Secteur agricole: un régime fiscal spécifique en gestation

Le régime fiscal réel  n’est pas encore adapté aux exploitants agricoles à Madagascar, constate l’administration fiscale. Elle travaille aujourd’hui à la mise en place d’un régime fiscal spécifique dédié aux paysans. 

Un nouveau régime fiscal destiné aux exploi­tants ruraux est en gestation, pour formaliser les activités dans le secteur agricole. Ceci devrait être intégré dans la loi de finances 2022.
« Nous avons déjà apporté des réformes à la loi de finances 2021 à travers la mise en place d’un minimum de perception pour toutes les activités à Ma­dagascar.

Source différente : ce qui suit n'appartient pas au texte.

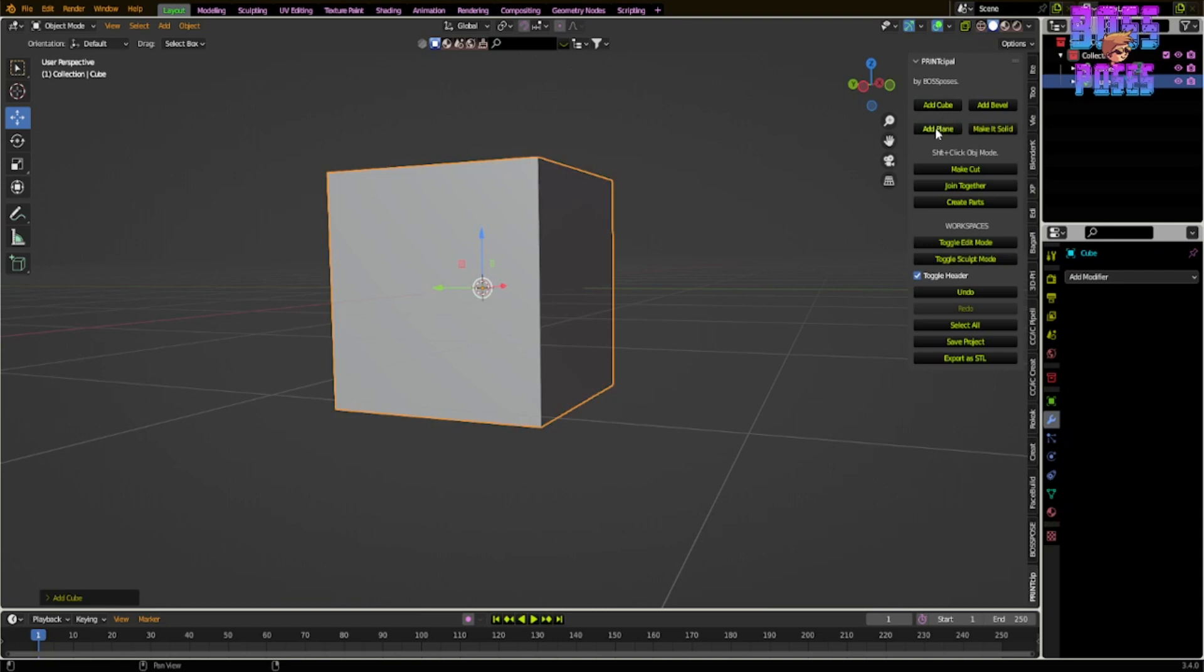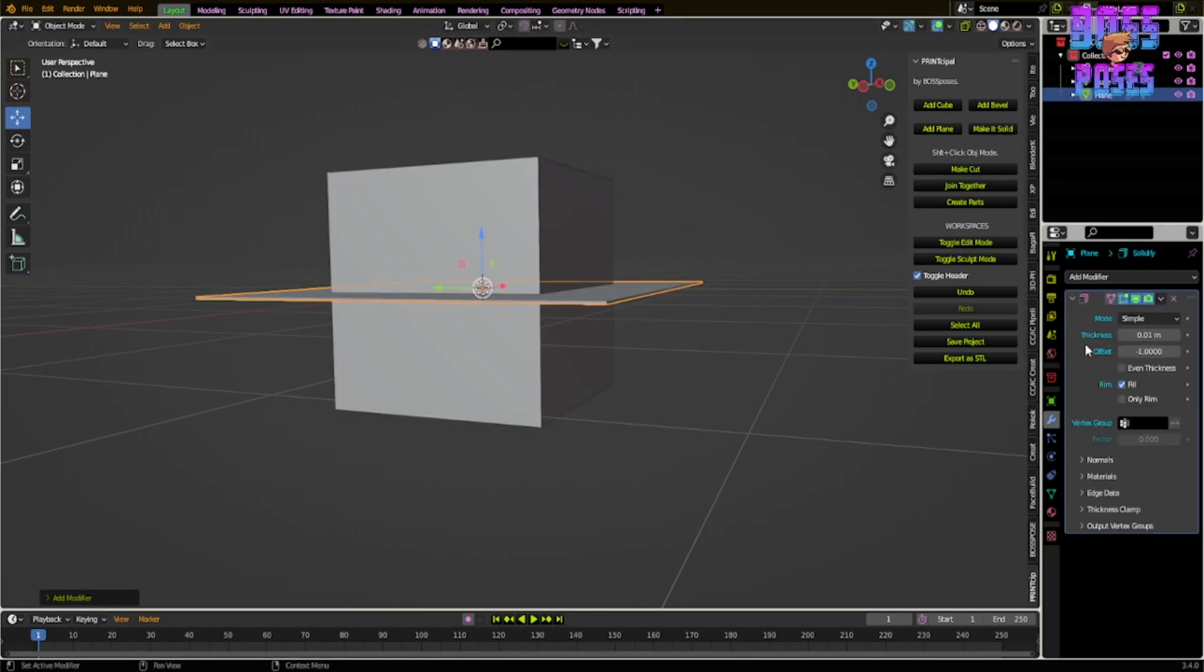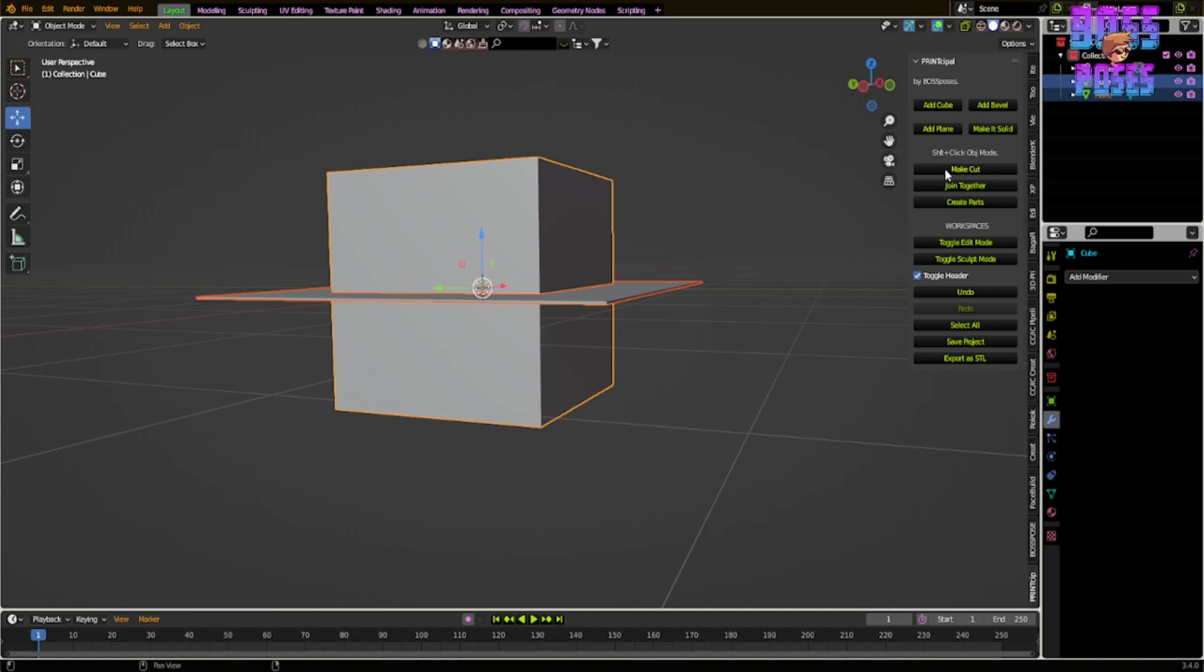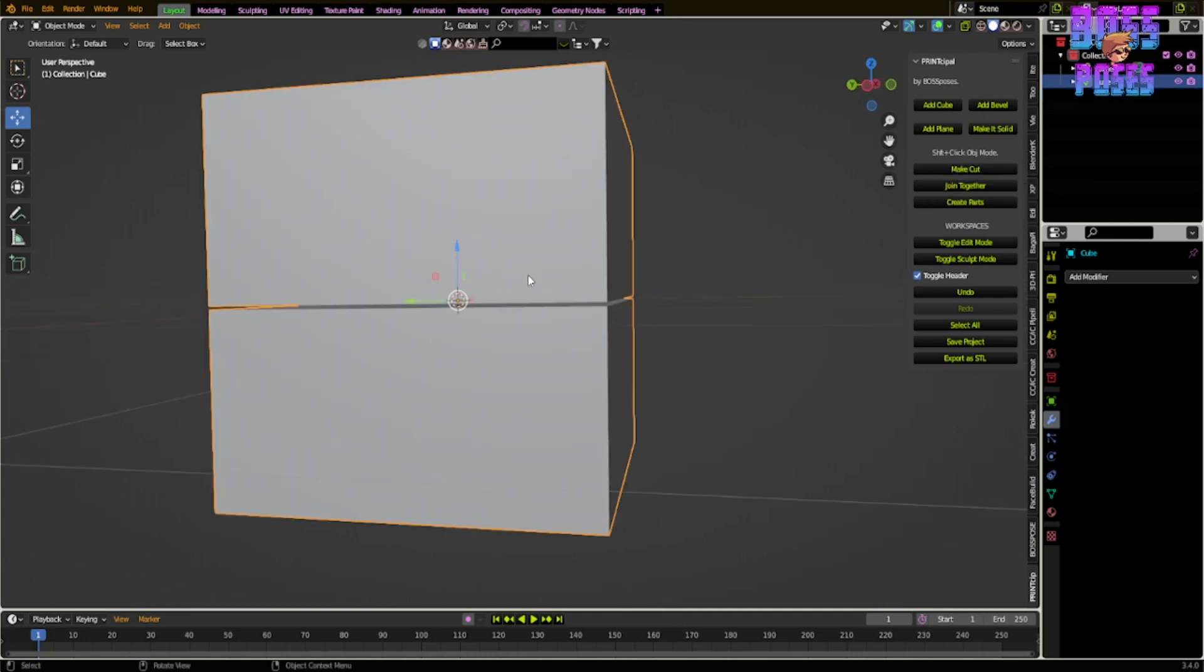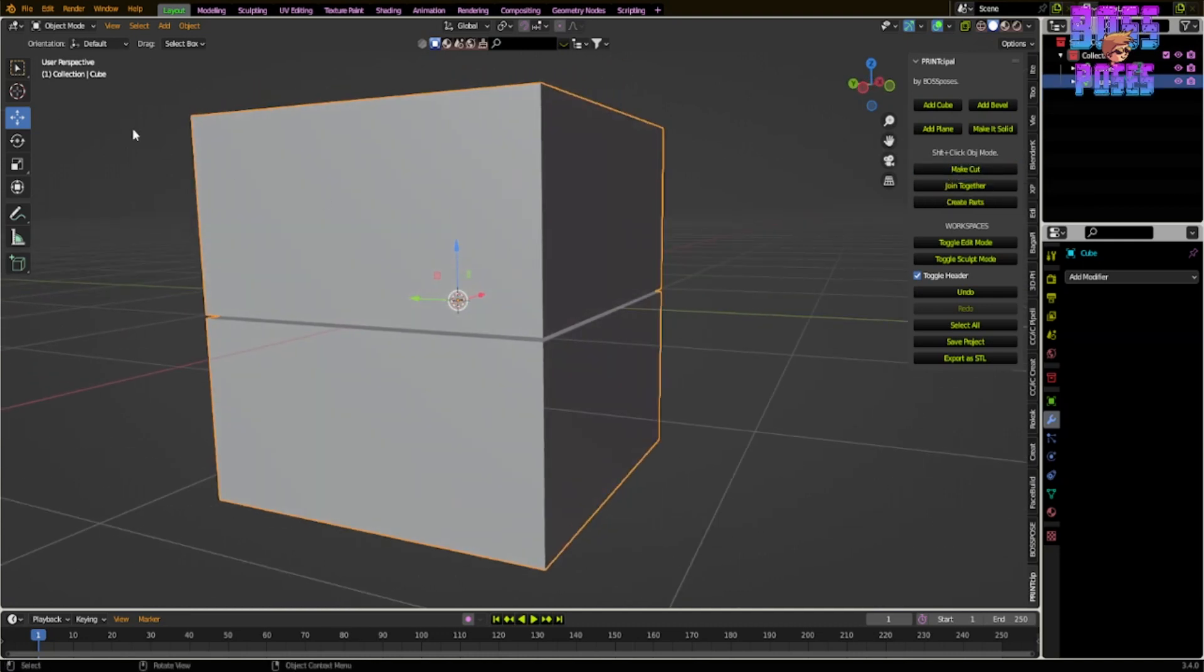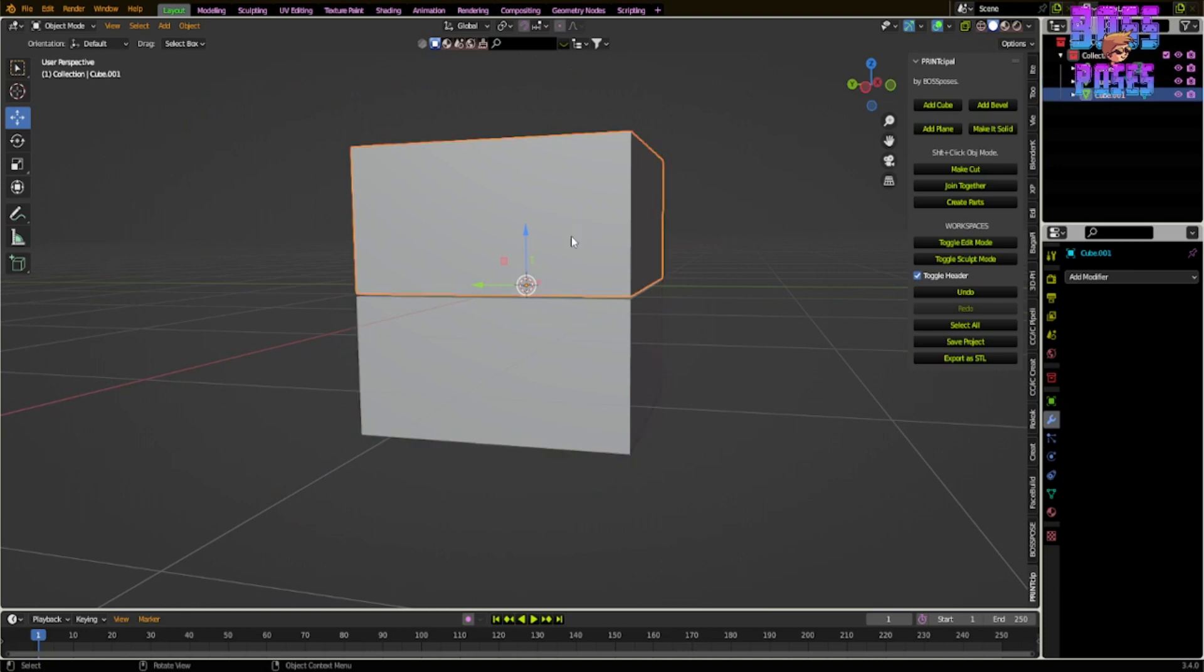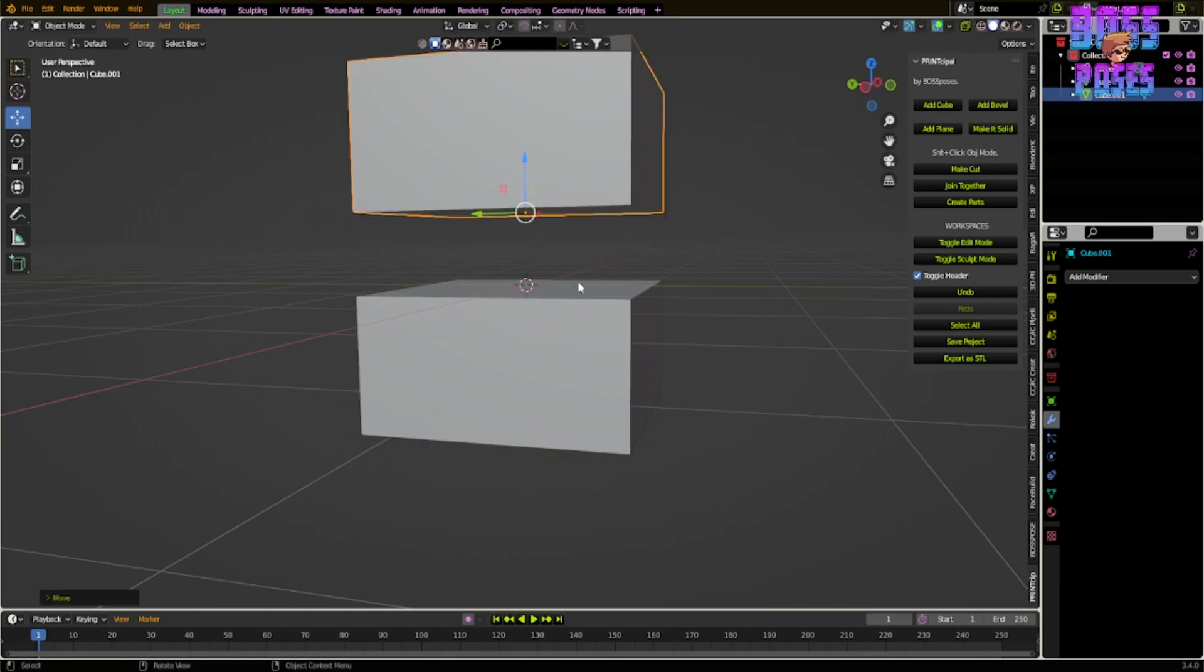If I wanted to, I could add a cube, add a plane, make that bigger, make it solid. I could come over and apply it over here at the side. All I would have to do is select both of the objects and just hit this button right here called Make Cut. It's going to select our object like that. Now we don't have to go into edit mode anymore to separate the parts. You can just come over here and hit Create Parts, and that's going to separate your object like that.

Cela va se poursuivre avec ce nouveau régime fiscal dédié aux paysans. Ces derniers constituent une grande partie de la population malagasy, mais force est de constater que le faible niveau d’éducation en  milieu rural ne leur permet pas de procéder aux obligations fiscales suivant le régime existant ac­tuel », a expliqué Germain, Directeur général (DG) des impôts, à ce sujet.

Des procédures simplifiées

Les procédures de for­malisation des exploitants ruraux seront ainsi beaucoup plus simplifiées. Dans le secteur vanille, alors que le prix de ce produit de rente était à un niveau élevé en 2019, Germain a expliqué que le chiffre d’affaires des planteurs pouvait atteindre les 200 millions d’ariary.
Pourtant, à ce seuil, le contribuable doit avoir une comptabilité, facturer ses transactions et effectuer des déclarations mensuelles. « Il est évident que tous les paysans n’auront pas les moyens d’engager un expert comptable ou un conseiller fiscal. Voilà pourquoi ce régime fiscal spécifique est nécessaire pour formaliser les exploitants ruraux », a poursuivi le DG des impôts.
L’élargissement de l’assiette fiscale à travers la formalisation des activités in­formelles reste le grand chan­tier de l’administration fis­cale aujourd’hui. En 2020, la direction des impôts a pu intégrer 100.000 contribuables dans le système formel à travers plusieurs campagnes comme la campagne Anjara Hetrako.
« Le nombre de contribuables est passé de 350.000 à 450.000 en 2020. Mais il est à noter que 70% des opérateurs présents à Madagascar travaillent toujours dans le secteur informel », a conclu le DG des Impôts.

Riana R.

Les commentaires sont fermées.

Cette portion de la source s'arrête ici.